Exercise: Could you give the listing again exactly, without its pictures?

Collected data:
......
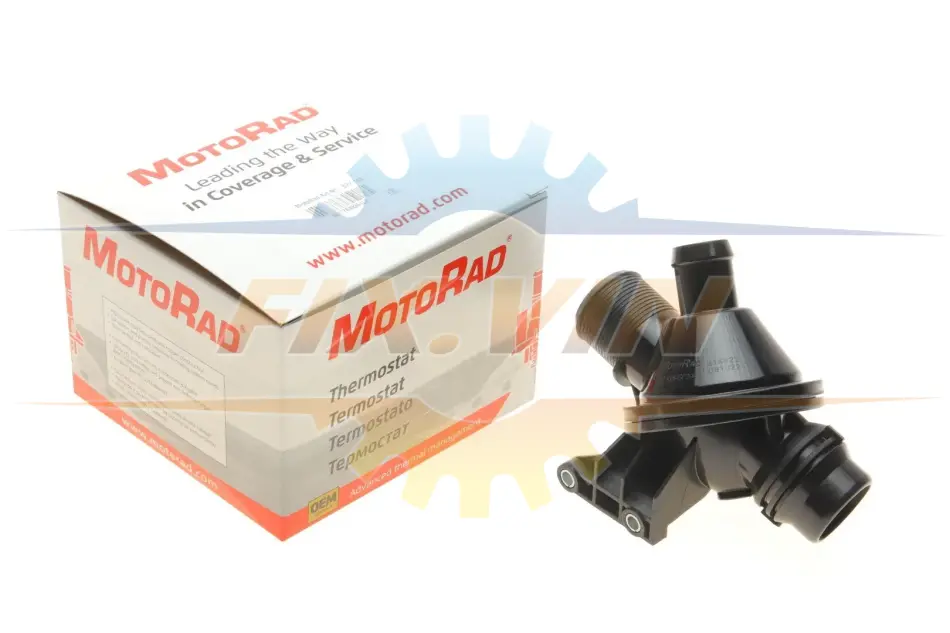 Термостат MOTORAD 822-108 (фото 1)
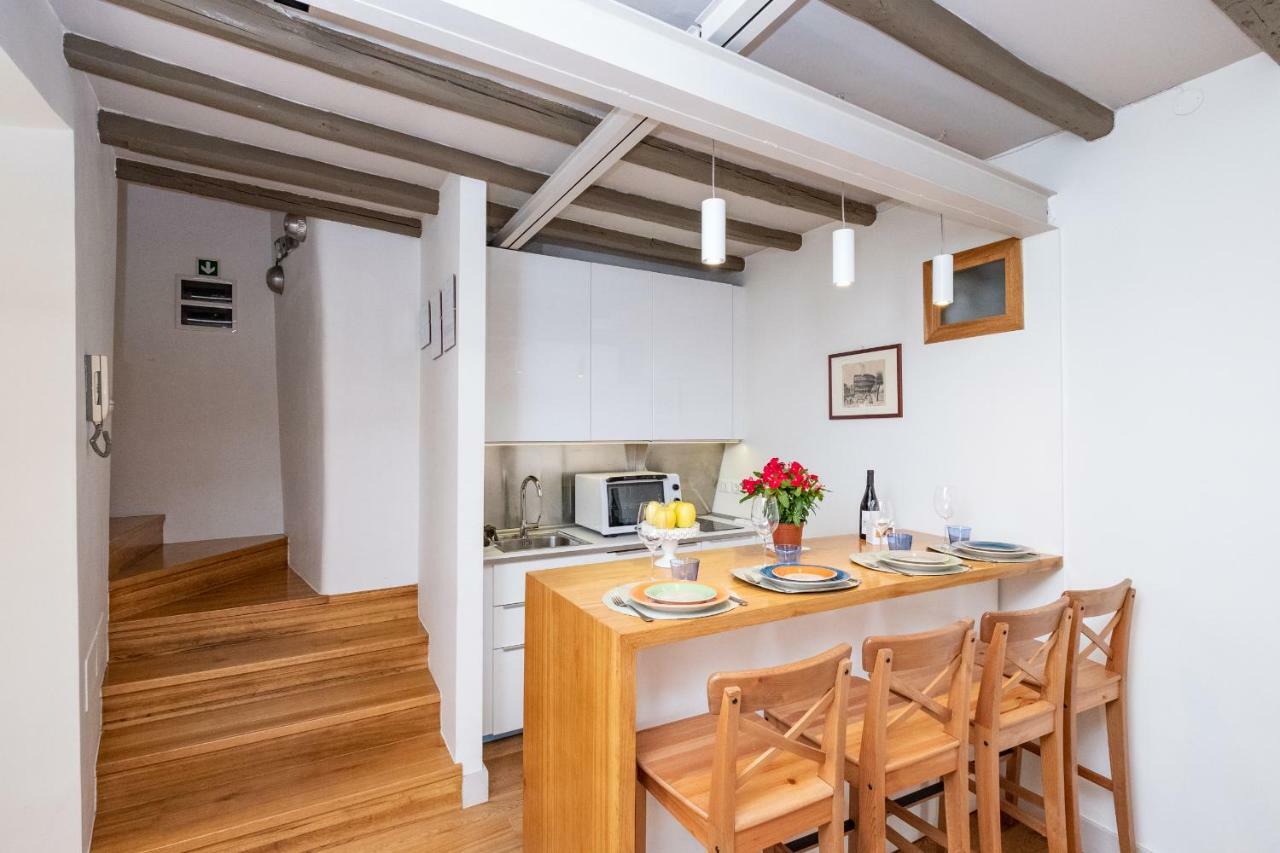 Casa Di Armando Al Pantheon Apartment Rome Luaran gambar
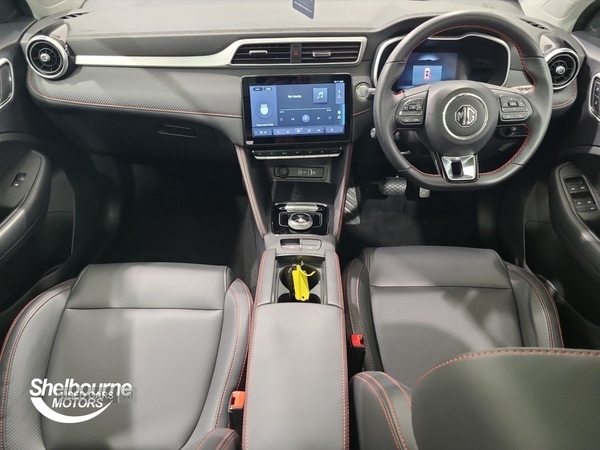 Used MG MG ZS 2022 for sale - 76998060: Photo 26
......
Answer box:
 Термостат MOTORAD 822-108 (фото 1)
 Casa Di Armando Al Pantheon Apartment Rome Luaran gambar
 Used MG MG ZS 2022 for sale - 76998060: Photo 26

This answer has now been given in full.